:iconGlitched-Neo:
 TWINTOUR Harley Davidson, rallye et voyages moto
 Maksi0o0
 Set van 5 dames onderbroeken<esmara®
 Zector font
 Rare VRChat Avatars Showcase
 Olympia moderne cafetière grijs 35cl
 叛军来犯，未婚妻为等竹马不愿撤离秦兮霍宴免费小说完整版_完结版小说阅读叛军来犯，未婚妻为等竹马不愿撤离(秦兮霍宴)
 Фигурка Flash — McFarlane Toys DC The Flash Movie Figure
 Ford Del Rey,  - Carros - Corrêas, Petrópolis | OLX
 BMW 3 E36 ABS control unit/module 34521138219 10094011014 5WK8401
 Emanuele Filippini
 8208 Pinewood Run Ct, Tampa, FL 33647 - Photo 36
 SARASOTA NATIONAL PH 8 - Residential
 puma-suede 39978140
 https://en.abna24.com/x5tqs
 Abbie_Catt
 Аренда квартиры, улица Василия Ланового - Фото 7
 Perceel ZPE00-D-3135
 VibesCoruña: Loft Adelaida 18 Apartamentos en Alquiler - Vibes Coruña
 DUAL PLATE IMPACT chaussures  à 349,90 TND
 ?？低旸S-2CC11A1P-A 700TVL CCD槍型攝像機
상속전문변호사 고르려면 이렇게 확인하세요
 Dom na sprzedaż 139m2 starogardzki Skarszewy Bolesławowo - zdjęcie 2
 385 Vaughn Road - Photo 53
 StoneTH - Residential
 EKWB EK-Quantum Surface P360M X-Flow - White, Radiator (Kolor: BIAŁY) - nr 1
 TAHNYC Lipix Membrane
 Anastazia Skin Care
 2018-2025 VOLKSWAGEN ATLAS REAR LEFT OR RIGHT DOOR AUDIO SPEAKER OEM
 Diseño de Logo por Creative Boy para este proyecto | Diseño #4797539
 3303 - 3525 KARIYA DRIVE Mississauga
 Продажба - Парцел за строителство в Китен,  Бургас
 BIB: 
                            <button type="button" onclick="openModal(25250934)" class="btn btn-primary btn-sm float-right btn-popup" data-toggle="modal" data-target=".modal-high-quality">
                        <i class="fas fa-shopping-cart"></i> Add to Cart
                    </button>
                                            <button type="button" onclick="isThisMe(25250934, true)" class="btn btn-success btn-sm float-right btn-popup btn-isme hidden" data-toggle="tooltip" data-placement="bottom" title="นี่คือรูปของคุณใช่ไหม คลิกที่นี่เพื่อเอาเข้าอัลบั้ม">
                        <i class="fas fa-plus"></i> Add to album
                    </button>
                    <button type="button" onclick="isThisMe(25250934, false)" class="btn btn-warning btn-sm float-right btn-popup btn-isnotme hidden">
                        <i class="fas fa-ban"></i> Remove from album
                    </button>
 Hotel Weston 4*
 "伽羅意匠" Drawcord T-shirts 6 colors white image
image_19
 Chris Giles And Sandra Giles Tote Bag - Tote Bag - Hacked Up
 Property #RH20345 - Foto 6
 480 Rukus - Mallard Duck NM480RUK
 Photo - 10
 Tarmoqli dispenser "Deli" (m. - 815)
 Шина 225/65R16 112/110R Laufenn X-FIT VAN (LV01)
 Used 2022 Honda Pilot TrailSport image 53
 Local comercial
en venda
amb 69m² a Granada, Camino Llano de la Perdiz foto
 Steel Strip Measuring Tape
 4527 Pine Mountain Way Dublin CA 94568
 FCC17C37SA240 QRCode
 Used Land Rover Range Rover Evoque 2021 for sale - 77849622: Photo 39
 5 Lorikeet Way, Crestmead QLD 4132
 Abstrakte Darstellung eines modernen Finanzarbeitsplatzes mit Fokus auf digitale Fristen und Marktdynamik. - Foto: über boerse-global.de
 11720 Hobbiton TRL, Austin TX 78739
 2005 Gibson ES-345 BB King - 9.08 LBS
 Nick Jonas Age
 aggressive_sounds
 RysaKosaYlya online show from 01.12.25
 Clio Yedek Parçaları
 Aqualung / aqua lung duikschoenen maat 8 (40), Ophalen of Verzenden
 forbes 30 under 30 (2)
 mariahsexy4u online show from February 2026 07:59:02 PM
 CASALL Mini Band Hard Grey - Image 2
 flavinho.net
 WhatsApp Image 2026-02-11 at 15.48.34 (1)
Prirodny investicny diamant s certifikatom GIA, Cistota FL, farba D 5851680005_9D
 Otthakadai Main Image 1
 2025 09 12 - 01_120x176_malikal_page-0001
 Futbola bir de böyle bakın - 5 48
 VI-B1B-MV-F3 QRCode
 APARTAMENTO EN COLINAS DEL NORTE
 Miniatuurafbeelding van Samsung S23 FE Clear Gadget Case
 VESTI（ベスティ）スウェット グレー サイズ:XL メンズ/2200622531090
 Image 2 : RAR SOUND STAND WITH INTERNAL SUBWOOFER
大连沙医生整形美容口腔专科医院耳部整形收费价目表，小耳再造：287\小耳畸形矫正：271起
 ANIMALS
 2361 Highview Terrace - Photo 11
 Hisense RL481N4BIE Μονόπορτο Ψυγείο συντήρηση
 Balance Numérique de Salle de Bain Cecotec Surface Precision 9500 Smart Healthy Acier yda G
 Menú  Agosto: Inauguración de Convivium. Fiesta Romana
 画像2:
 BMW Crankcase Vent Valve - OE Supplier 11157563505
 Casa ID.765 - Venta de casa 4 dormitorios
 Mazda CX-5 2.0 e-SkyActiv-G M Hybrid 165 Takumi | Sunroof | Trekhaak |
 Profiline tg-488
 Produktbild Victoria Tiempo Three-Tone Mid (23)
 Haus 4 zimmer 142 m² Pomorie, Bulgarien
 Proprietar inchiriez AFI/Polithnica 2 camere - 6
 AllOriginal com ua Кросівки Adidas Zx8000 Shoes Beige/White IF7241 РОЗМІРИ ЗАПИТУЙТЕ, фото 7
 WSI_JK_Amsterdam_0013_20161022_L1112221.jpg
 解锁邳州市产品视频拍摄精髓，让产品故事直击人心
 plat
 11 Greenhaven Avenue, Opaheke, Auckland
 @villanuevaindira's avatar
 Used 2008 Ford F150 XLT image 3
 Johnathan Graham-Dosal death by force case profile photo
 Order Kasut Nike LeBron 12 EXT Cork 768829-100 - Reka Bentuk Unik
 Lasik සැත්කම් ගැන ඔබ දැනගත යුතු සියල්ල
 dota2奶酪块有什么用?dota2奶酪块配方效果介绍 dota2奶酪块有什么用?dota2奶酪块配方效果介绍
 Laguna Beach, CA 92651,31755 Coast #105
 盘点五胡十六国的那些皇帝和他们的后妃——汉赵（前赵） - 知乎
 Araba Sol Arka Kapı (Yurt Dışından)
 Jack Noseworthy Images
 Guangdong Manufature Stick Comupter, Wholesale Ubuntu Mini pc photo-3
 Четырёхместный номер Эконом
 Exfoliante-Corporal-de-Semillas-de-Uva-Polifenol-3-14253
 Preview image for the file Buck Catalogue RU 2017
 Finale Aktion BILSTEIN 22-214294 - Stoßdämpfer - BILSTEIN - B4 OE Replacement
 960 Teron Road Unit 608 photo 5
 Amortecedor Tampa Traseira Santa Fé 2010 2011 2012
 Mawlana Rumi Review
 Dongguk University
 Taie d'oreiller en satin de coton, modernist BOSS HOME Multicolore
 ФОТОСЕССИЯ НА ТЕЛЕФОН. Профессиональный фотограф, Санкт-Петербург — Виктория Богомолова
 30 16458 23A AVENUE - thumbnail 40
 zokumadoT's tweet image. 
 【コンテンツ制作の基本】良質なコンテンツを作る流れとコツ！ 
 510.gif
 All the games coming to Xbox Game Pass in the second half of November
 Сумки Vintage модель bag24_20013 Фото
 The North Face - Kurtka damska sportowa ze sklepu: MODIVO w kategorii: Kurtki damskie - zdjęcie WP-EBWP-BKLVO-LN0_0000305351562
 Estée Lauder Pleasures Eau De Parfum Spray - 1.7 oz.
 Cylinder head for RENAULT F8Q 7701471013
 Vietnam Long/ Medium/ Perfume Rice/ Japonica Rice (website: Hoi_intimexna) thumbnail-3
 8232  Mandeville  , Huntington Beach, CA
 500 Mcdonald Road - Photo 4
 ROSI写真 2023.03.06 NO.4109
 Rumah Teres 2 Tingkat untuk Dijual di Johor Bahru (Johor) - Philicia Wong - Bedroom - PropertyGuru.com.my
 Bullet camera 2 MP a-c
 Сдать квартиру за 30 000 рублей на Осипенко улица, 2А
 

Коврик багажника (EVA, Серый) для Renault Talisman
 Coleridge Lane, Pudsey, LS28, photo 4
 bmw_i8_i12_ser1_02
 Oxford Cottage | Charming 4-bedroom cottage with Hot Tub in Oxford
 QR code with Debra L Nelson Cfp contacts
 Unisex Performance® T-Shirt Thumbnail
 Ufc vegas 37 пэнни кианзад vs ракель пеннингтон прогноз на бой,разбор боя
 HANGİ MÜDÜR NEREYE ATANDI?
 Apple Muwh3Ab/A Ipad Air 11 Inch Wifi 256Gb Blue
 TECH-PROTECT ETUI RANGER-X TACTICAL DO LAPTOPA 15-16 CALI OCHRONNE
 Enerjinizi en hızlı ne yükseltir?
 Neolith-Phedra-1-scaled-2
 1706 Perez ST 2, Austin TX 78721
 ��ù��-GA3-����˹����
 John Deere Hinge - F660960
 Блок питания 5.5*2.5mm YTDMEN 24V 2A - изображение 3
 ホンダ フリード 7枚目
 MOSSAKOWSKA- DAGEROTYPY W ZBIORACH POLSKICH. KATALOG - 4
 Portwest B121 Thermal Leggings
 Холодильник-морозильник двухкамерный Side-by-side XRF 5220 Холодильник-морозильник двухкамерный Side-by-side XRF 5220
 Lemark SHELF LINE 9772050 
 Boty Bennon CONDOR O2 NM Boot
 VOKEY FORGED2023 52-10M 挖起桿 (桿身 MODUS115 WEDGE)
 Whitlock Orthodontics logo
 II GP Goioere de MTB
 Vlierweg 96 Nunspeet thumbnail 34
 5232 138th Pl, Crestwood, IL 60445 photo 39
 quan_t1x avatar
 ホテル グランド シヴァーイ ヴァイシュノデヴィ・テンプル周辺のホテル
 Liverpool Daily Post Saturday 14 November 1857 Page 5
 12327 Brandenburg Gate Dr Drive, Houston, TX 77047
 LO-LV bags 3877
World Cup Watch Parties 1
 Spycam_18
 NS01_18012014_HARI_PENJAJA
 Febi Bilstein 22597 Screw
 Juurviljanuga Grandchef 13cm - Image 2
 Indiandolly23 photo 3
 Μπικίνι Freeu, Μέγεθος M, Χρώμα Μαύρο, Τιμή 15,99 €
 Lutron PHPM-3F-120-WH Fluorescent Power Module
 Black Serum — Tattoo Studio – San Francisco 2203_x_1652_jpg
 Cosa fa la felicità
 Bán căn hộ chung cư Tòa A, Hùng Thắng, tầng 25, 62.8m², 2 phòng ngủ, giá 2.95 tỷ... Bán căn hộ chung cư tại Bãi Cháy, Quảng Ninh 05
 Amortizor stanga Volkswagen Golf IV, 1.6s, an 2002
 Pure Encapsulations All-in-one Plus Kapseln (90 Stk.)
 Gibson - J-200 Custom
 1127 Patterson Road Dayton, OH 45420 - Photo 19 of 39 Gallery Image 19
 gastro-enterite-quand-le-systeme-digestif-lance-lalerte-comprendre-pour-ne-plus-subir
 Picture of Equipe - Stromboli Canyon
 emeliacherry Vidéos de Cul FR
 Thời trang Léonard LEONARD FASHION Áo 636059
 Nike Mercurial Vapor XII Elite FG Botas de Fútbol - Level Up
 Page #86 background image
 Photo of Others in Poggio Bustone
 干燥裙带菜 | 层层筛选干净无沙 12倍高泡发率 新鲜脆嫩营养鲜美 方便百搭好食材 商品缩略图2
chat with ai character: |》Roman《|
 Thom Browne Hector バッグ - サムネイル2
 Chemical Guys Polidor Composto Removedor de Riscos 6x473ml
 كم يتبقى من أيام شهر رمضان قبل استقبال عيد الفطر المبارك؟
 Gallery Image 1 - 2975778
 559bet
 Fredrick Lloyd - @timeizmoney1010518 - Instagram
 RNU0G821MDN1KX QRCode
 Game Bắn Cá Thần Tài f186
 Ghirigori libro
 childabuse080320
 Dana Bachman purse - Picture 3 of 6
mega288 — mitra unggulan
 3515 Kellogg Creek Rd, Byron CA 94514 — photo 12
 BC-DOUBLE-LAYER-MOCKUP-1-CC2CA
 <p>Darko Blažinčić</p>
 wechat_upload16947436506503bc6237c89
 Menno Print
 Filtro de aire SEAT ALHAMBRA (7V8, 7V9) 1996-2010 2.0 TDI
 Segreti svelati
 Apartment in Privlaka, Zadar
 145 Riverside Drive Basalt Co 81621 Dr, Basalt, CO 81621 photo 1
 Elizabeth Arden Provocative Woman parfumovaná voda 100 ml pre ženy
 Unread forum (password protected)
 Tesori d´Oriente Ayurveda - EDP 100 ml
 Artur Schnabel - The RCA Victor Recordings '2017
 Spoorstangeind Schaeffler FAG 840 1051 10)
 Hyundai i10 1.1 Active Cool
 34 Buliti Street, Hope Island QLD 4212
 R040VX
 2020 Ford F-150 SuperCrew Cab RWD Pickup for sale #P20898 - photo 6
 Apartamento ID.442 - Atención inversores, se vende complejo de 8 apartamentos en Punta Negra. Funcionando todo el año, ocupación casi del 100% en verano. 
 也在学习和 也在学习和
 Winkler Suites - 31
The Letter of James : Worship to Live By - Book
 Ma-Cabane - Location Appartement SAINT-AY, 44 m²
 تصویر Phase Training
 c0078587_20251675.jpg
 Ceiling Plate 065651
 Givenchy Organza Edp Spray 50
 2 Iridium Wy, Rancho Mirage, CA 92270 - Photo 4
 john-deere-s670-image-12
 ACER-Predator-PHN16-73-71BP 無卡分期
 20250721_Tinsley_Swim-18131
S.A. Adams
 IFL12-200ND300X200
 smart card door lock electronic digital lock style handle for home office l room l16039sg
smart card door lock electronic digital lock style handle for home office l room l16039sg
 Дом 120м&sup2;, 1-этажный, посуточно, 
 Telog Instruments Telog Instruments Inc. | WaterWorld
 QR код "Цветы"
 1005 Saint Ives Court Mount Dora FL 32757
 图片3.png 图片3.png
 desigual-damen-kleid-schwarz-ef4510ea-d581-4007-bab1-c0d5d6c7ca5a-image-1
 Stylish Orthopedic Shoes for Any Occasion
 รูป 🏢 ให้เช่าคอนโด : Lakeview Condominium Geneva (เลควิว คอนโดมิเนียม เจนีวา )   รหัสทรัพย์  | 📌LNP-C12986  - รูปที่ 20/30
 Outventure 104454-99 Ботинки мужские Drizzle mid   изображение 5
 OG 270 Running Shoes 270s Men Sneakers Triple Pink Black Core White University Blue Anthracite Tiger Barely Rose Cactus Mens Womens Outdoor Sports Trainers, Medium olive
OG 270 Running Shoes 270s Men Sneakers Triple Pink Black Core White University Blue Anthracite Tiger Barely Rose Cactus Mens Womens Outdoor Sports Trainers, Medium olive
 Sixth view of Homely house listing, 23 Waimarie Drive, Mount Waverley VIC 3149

● **AIM OF THE TASK**: The line containing "Add to Cart" marks the end: copy exactly every line from the top of the data above down to it, that line included.

● **SOLUTION**:
:iconGlitched-Neo:
 TWINTOUR Harley Davidson, rallye et voyages moto
 Maksi0o0
 Set van 5 dames onderbroeken<esmara®
 Zector font
 Rare VRChat Avatars Showcase
 Olympia moderne cafetière grijs 35cl
 叛军来犯，未婚妻为等竹马不愿撤离秦兮霍宴免费小说完整版_完结版小说阅读叛军来犯，未婚妻为等竹马不愿撤离(秦兮霍宴)
 Фигурка Flash — McFarlane Toys DC The Flash Movie Figure
 Ford Del Rey,  - Carros - Corrêas, Petrópolis | OLX
 BMW 3 E36 ABS control unit/module 34521138219 10094011014 5WK8401
 Emanuele Filippini
 8208 Pinewood Run Ct, Tampa, FL 33647 - Photo 36
 SARASOTA NATIONAL PH 8 - Residential
 puma-suede 39978140
 https://en.abna24.com/x5tqs
 Abbie_Catt
 Аренда квартиры, улица Василия Ланового - Фото 7
 Perceel ZPE00-D-3135
 VibesCoruña: Loft Adelaida 18 Apartamentos en Alquiler - Vibes Coruña
 DUAL PLATE IMPACT chaussures  à 349,90 TND
 ?？低旸S-2CC11A1P-A 700TVL CCD槍型攝像機
상속전문변호사 고르려면 이렇게 확인하세요
 Dom na sprzedaż 139m2 starogardzki Skarszewy Bolesławowo - zdjęcie 2
 385 Vaughn Road - Photo 53
 StoneTH - Residential
 EKWB EK-Quantum Surface P360M X-Flow - White, Radiator (Kolor: BIAŁY) - nr 1
 TAHNYC Lipix Membrane
 Anastazia Skin Care
 2018-2025 VOLKSWAGEN ATLAS REAR LEFT OR RIGHT DOOR AUDIO SPEAKER OEM
 Diseño de Logo por Creative Boy para este proyecto | Diseño #4797539
 3303 - 3525 KARIYA DRIVE Mississauga
 Продажба - Парцел за строителство в Китен,  Бургас
 BIB: 
                            <button type="button" onclick="openModal(25250934)" class="btn btn-primary btn-sm float-right btn-popup" data-toggle="modal" data-target=".modal-high-quality">
                        <i class="fas fa-shopping-cart"></i> Add to Cart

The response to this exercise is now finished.